Jurgen Klopp does not need telling what damage Kane can do. He saw it first-hand in Liverpool’s 4-1 defeat at Wembley in October 2017 and then at Anfield last Februray as the England captain missed one penalty and scored another in a thrilling 2-2 draw.
Liverpool’s German manager is a big admirer of the striker, describing him as ‘world class’. He just hopes he does not see Kane at his devastating best this afternoon.
“Harry Kane, what a striker,” enthuses Klopp. “I really like him, he’s just a fantastic player. That is the truth but hopefully you won’t see why I like him.
“I respect how he came up – going out on loan. His career is fantastic. Going on loan, there is the one picture of him and Jamie Vardy sat together on the bench for Leicester. I wouldn’t want to be the coach at that moment!
“It’s not like he came up at 18 years old as a talent. He had to do it the hard way and he had to improve day-by-day.
“It’s difficult to play against him. One player alone against Harry Kane is really difficult. It’s like always with world class strikers, you have to avoid the passes into him.

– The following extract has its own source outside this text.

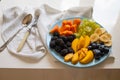 Salad Made From Fresh Summer Fruits On Blue Plate. Royalty Free Stock Photo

“But if you defend them, Christian Eriksen shoots from 50 yards, Dele Alli is in the box and makes a little header or Son gets in behind. It’s not just about Kane, but Harry is a really good striker.”
As the title race enters the home straight, things will heat up as the number of games continues to fall. Margins could be tight and as such, goal difference could still be a factor.

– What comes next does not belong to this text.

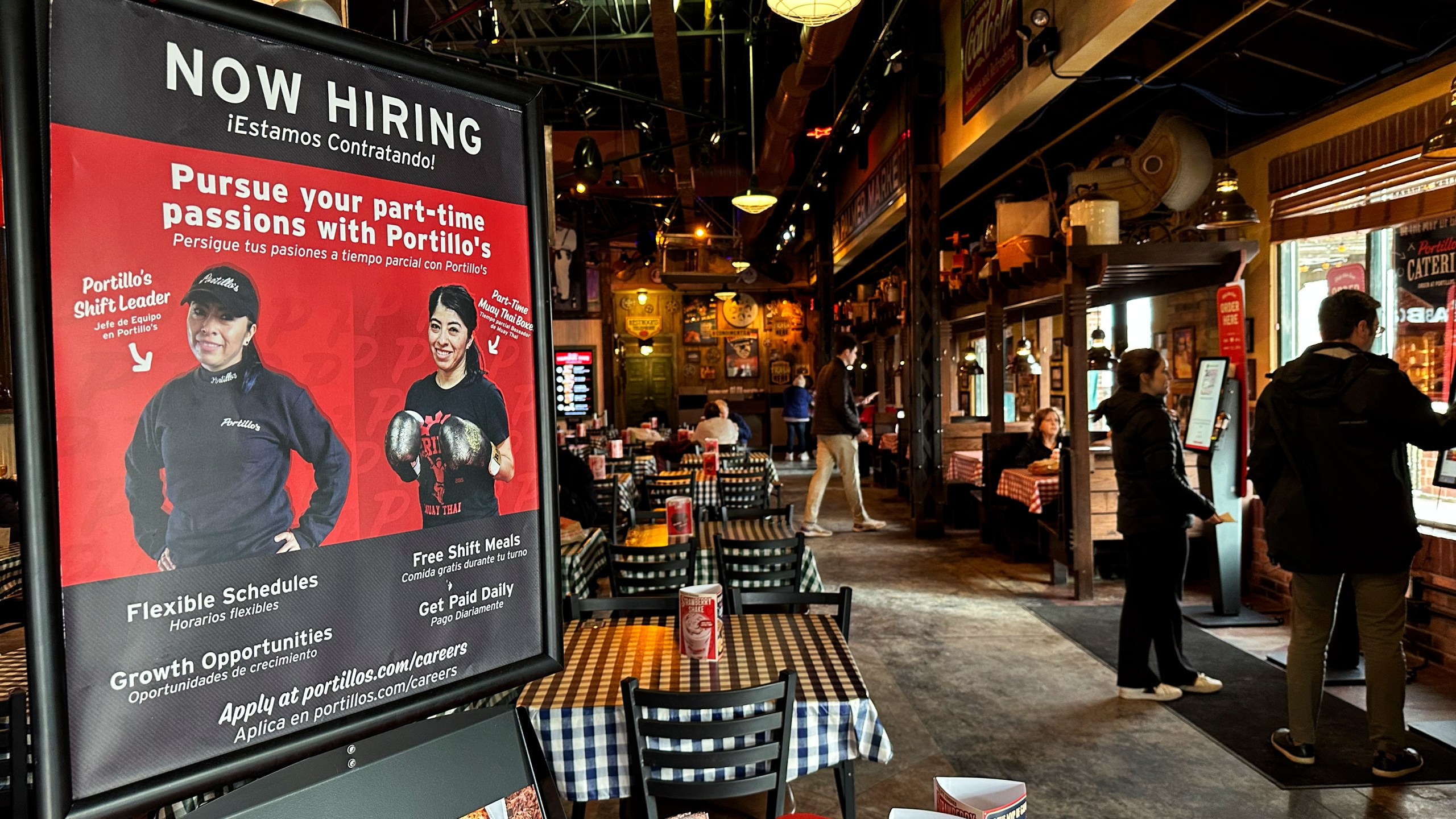 A hiring sign is displayed at a restaurant in Skokie, Ill., Wednesday, Jan. 8, 2025. (AP Photo/Nam Y. Huh)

City hold the advantage on that score and they don’t need reminding just how important that could be, given the events of 13 May 2012 and Sergio Aguero’s 94th minute winner over QPR, as they finished level on points with Manchester United, but ahead on goal difference.
However, Klopp knows that he cannot let that influence his thinking or how he sets his team up.

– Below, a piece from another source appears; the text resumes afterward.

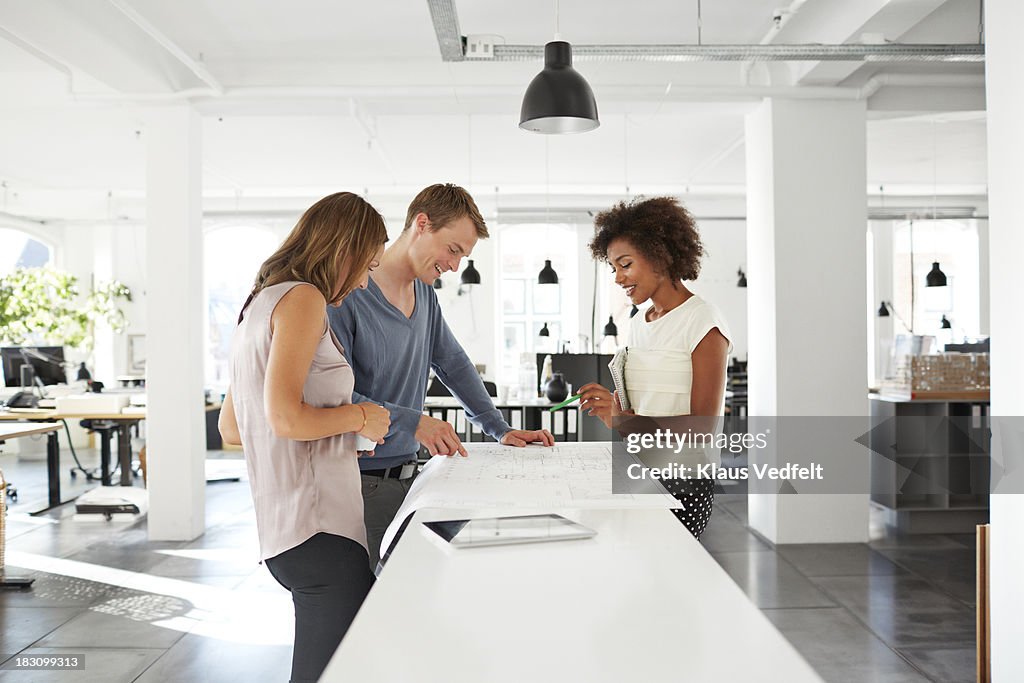 Creative coworkers discussing over blueprints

“I don’t tell the boys to go out there and score six,” he says. “It is not an obvious thing you go for because it is disrespectful. You score when you score.
“People may say when we play Huddersfield, for example, we can improve our goal difference. But it is a case of score the first goal, then the second.
“If the boys are doing the right things, then they don’t stop. That is how it is. You never stop.
“We cannot go for it but we know it can be a decisive thing.
“Hopefully we will not have to change our plans. Maybe in the last game against Wolves we will have to win by three or four goals. If we have to do that, then we will try.”